I'm looking to research the arguments against investing, or at least arguments that present a rather different view of investing than is the conventional wisdom. By "investing", I mean putting money at risk of significant or even total loss--other than inflationary loss--by buying non-guaranteed assets. I'm particularly thinking in terms of stocks, but to some degree in bonds, metals, land, etc.

The conventional wisdom seems to be something (very roughly!) like this:

  • Investing is motivated by making one's money work for one's future self.
  • Owning stocks and bonds is, generally, the best way to do this.
  • This is because, historically, the stock market and bonds have returned x% ROI, where x > other vehicles' ROI. x seems to be quoted as something between 4-10%.
  • Each person's "needs" and "situation" are different, and so there are different rules for how to do this for each person. E.g. older people should be less risky.
  • An IRA invested in various mutual funds is a particularly good and convenient way to invest for most people.
  • There are ways to invest that modify one's risk or chance of gain, such as diversifying, Modern Portfolio Theory, dollar cost averaging, etc, and by adopting these strategies one can be confident that one is likely to do better than one who does not adopt them.

What I'm looking for are substantiated/evidence-based, well-reasoned counterpoints to this conventional wisdom.

Note: I am not asking the SE.PF&M readers to give their opinions about this--that would not a good question here. Instead, I am asking to point me to quality sources for these sorts of arguments.

For example, the historical evidence of past market performance could be questioned in a scholarly article that looks at other historical trends that, though they lasted 200+ years, ultimately came to an end. Or it could have a technological spin, suggesting that as markets "heat up" in terms of transactions-per-second, instabilities begin to form that didn't apply in, say, 1985. Or, it could be a legal analysis, showing how deregulation of yadda yadda has now caused blah blah blah. Or, an economic analysis. Or a sociological, discussing U.S. population trends. Or even something arcane, like game theory or chaos theory.

EDIT: Might the idea of the Taleb Distribution, inspired by ideas from Nassim Taleb in his book Fooled By Randomness be one specific example I could include along these lines?

EDIT: I'm asking this because I think it is both intellectually interesting as well as practically important, and because I tend to feel that pro-investing rhetoric seems to operate in an echo chamber in which disconfirming evidence is filtered out. Of course, I may be wrong about this and therefore if everyone on this site responds that there are no such (credible) arguments--beyond those inspired by Taleb's writings, if that is such as I think--then that is an answer in itself.

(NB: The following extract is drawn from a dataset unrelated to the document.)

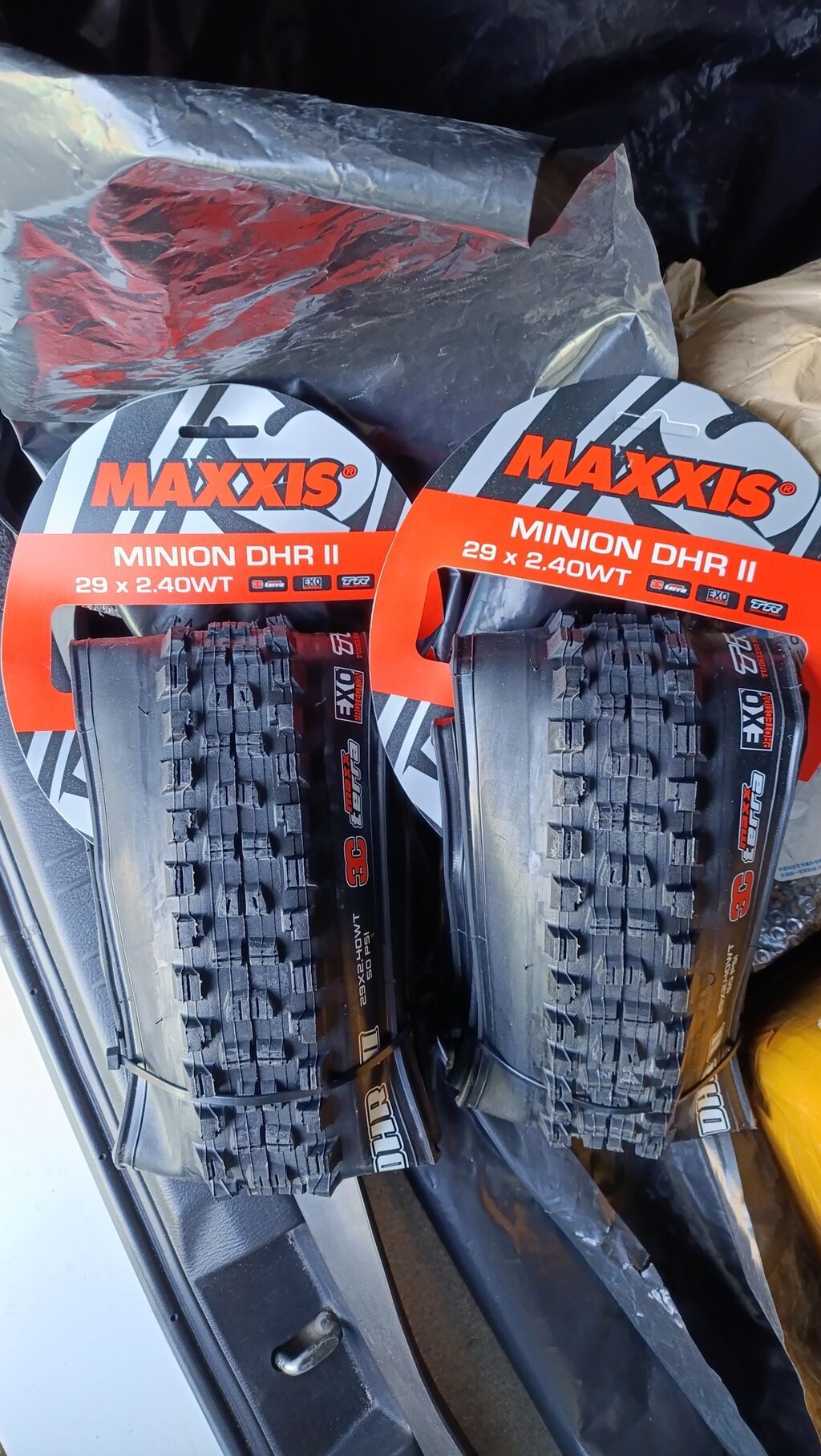 Новые MAXXIS Minion DHR II 3C EXO TR Maxx Terra 29*2.4WT - 1шт: фото 3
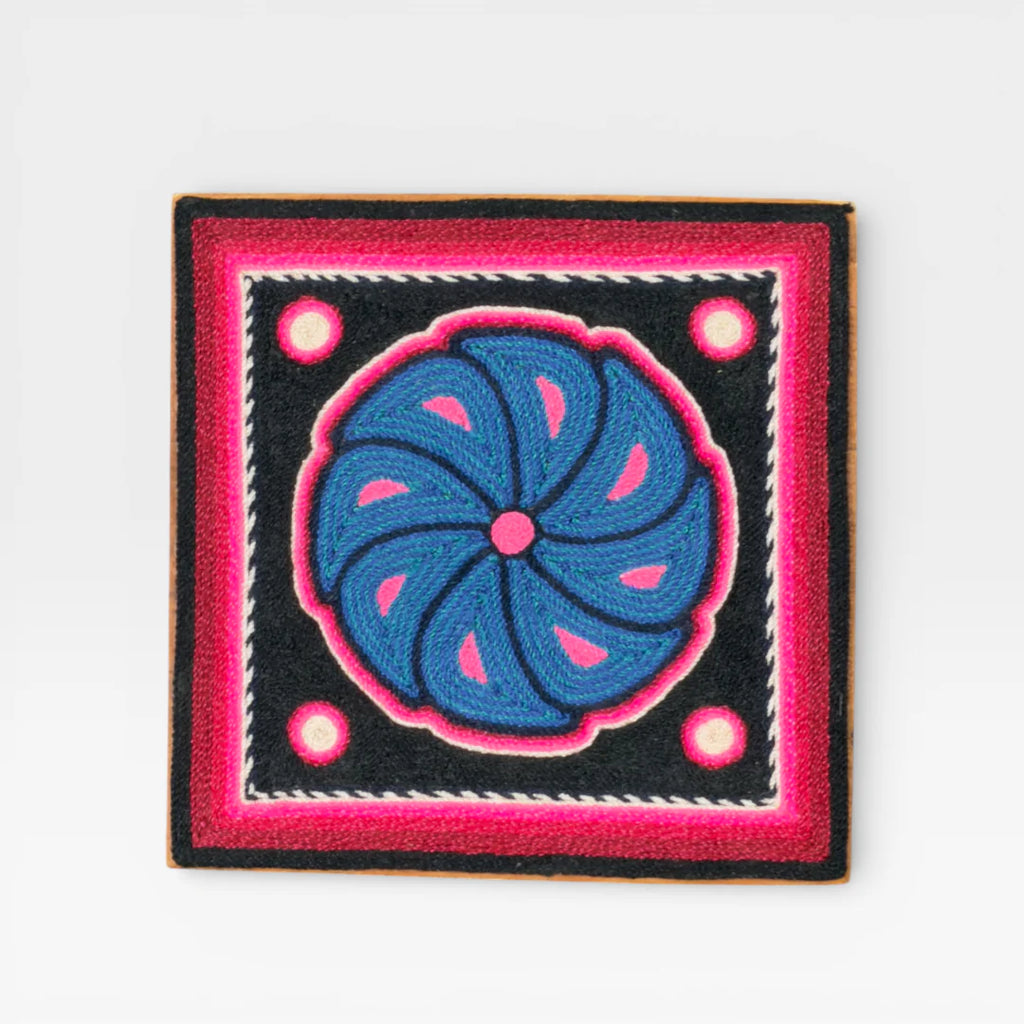 Cuadro de Arte Huichol con Chaquira: Espiral Geométrico Azul, Rosa y Negro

FINAL EDIT: I think this question answering process just went off the rails, despite my trying to constrain it. Simply put, I wanted to know substantiated and published reasons why one would probably be better off, long-term finances-wise, saving money in CDs than investing in a stock portfolio. People triggered on the point about risk too much; sure, all life is risk, I get that, but perhaps my wording just led things down that path. I'm happy with forgetting about this question, since it seems SE.PF&M has a strong pro-stock market investing bias and so far has no representatives against this conventional wisdom.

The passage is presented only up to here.